Kindly to everyone else and ready to do their part by all other men, the Draytons and the Hampdens, whenever they met each other, always passed by on the other side.
It was an old story–the feud between the families–and, perhaps, no one now knew just how the trouble started. They had certainly been on opposite sides ever since they established themselves in early Colonial days on opposite hills in the old county from which the two mansions looked at each other across the stream like hostile forts. The earliest records of the county were those of a dispute between one Colonel Drayton and one Captain Hampden, growing out of some claim to land; but in which the chief bitterness appeared to have been injected by Captain Hampden’s having claimed precedence over Colonel Drayton on the ground that his title of “Captain” was superior to Colonel Drayton’s title, because he had held a real commission and had fought for it, whereas the Colonel’s title was simply honorary and “Ye sayd Collonel had never smelled enough powder to kill a tom-cat.”
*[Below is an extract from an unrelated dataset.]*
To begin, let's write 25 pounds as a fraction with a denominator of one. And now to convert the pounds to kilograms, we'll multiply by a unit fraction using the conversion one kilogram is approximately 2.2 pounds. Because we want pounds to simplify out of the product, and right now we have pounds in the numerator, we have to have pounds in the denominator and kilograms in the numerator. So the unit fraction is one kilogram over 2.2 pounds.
However this might be and there was nothing in the records to show how this contention was adjudicated–in the time of Major Wil-mer Drayton and Judge Oliver Hampden, the breach between the two families had been transmitted from father to son for several generations and showed no signs of abatement. Other neighborhood families intermarried, but not the Drayton-Hall and the Hampden-Hill families, and in time it came to be an accepted tradition that a Drayton and a Hampden would not mingle any more than would fire and water.
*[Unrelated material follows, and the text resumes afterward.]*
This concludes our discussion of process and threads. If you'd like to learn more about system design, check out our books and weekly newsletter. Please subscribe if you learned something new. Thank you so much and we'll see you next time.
The Hampdens were dark and stout, hot-blooded, fierce, and impetuous. They were apparently vigorous; but many of them died young. The Draytons, on the other hand, were slender and fair, and usually lived to a round old age; a fact of which they were wont to boast in contrast with the briefer span of the Hampdens.
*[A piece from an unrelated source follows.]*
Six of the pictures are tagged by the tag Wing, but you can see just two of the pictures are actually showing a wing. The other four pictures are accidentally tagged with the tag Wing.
“Their tempers burn them out,” the Major used to say of the Hampdens.
Moreover, the Draytons were generally cool-headed, deliberate, and self-contained. Thus, the Draytons had mainly prospered throughout the years.
Even the winding creek which ran down through the strip of meadow was a fruitful cause of dissension and litigation between the families. “It is as ungovernable as a Hampden’s temper, sir,” once said Major Drayton, On the mere pretext of a thunder-storm, it would burst forth from its banks, tear the fences to pieces and even change its course, cutting a new channel, now to one side and now to the other through the soft and loamy soil. A lawsuit arose over the matter, in which the costs alone amounted to far more than the value of the whole land involved; but no one doubted that old Major Drayton spoke the truth when he declared that his father would rather have lost his entire estate with all its rolling hills and extensive forests than the acre or two which was finally awarded to Judge Hampden.
As neither owner would join the other even in keeping up a partition fence, there were two fences run within three feet of each other along the entire boundary line between the two places. With these double fences, there could hardly be peace between the two families; for neither owner ever saw the two lines running side by side without at once being reminded of his neighbor’s obstinacy and–of his own.
Thus, in my time the quarrel between the Drayton-Hall people and the Hampden-Hill folks was a factor in every neighborhood problem or proposition from a “church dressing” or a “sewing society meeting” to a political campaign. It had to be considered in every invitation and in every discussion.